Шелл Скотт и Честер Драм

   Вашингтон, 8 ч. 15 мин., понедельник, 21 декабря

ШЕЛЛ СКОТТ

   Ну, вот так мы с Четом Драмом и познакомились.
   Если нечто подобное случится снова, то мне хотелось бы, чтобы он оказался с самого начала по мою сторону баррикад.
   В свое время мне случалось ошибаться в людях, но я никогда и ни в ком не ошибался так сильно, как в Драме.
   Теперь все в порядке.
   И чувствую я себя вполне сносно. Если человек с проломленным черепом, у которого саднит каждый ушиб, а каждая царапина от пули причиняет боль, может чувствовать себя вполне сносно, тогда я чувствую себя просто великолепно.
   Я снова в Национальном аэропорту Вашингтона, но на этот раз направляюсь домой.
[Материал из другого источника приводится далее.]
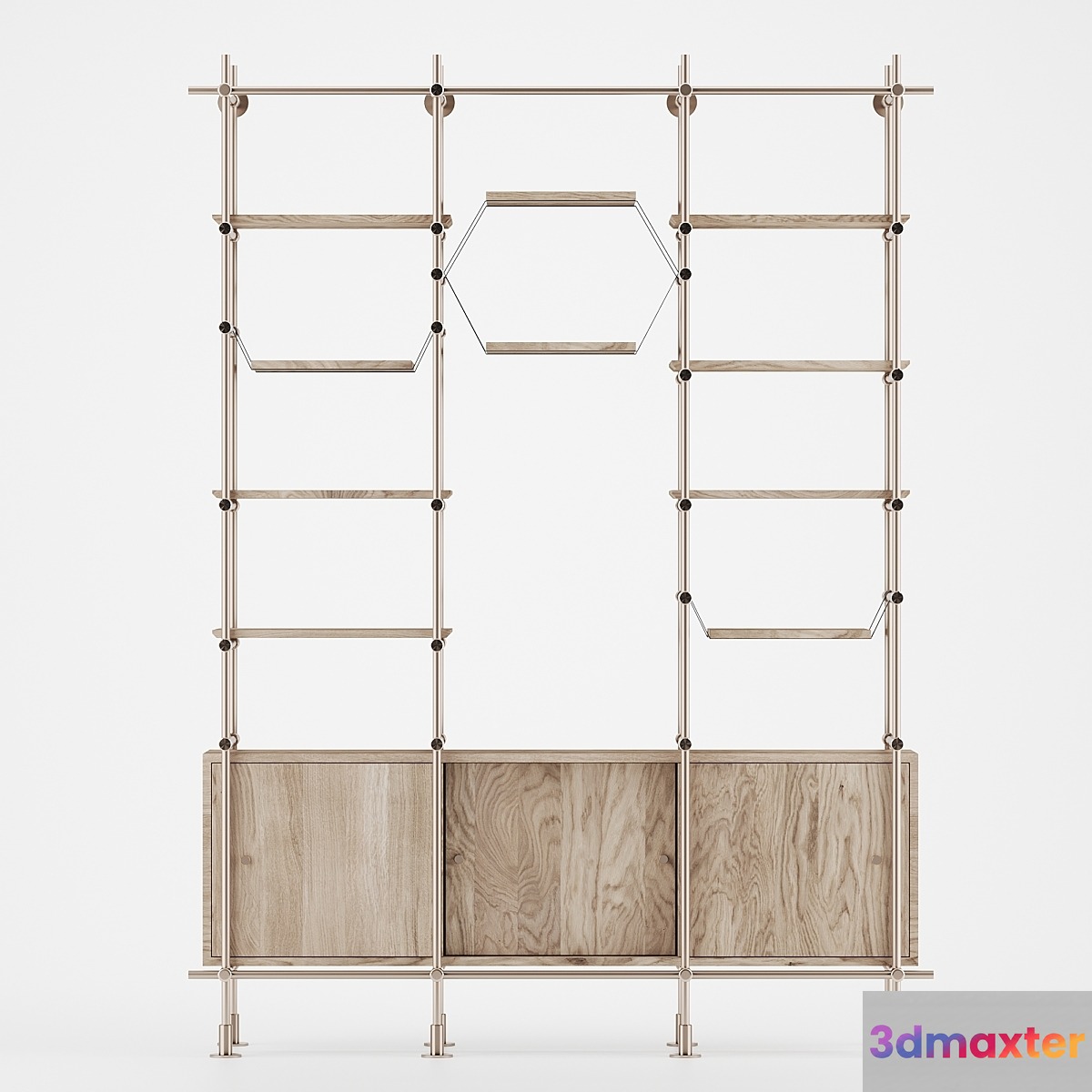 Amu Concept Rack bookshelf Rack 1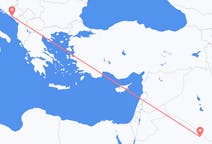 Flights from Rafha, Saudi Arabia to Tivat, Montenegro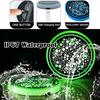 2PCS LED Car Cup Holder Lights, Light up Car Coasters for Cup Holders 7 Color-Changing Light Up Cup Holder ert Coasters, Waterproof Car Accessories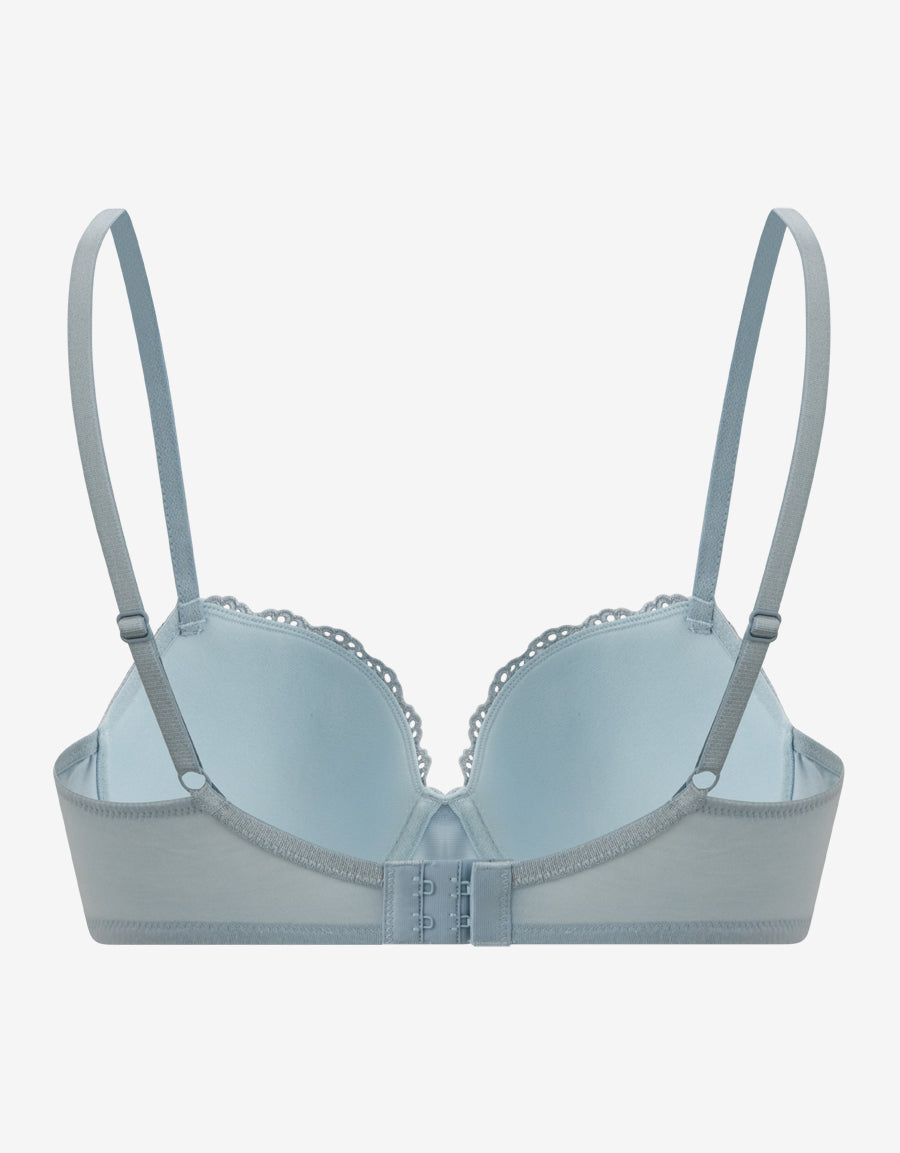 Cotton Balconette Bra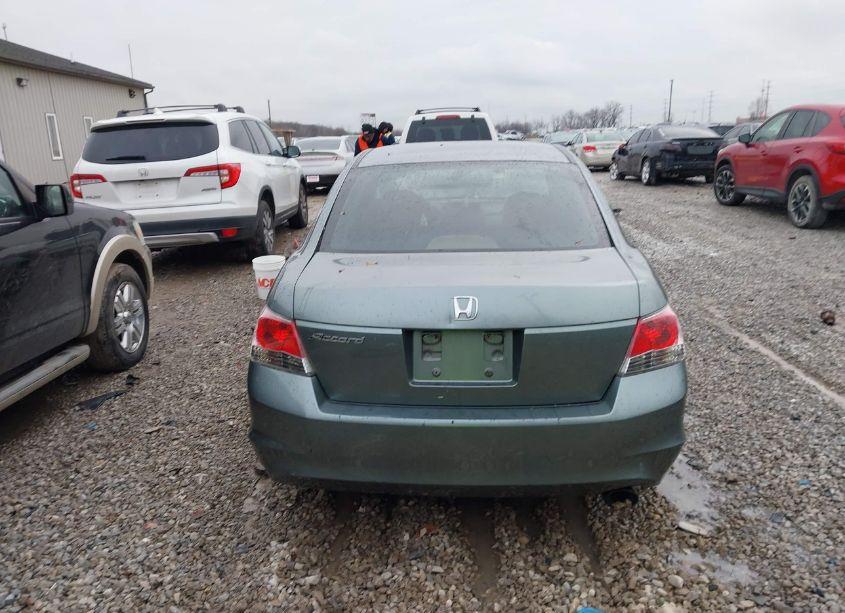 Photo 17 of 2008 Honda Accord 2.4 EX (VIN JHMCP26708C021125)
Наконец-то я возвращаюсь! Мы сдержанно, по-мужски, попрощались с Четом, и я пробрался сквозь толпу репортеров, чтобы ехать в аэропорт. Репортеры, казалось, остались довольны нашим рассказом, а какой-то британский папарацци даже бормотал что-то насчет того, что мы — настоящие герои, пролившие кровь за правое дело.
   Может, мы и не такие уж герои, но крови пролили предостаточно.
   Я оставил Чета в здании сената с сенатором Блэром Хартселлом. Доктор Фрост тоже был с ними. Изначально он решил не давать показаний, поскольку из известной ему информации и из пленок старик узнал, что может втянуть во всю эту историю Алексис и «немножко» навредить ей.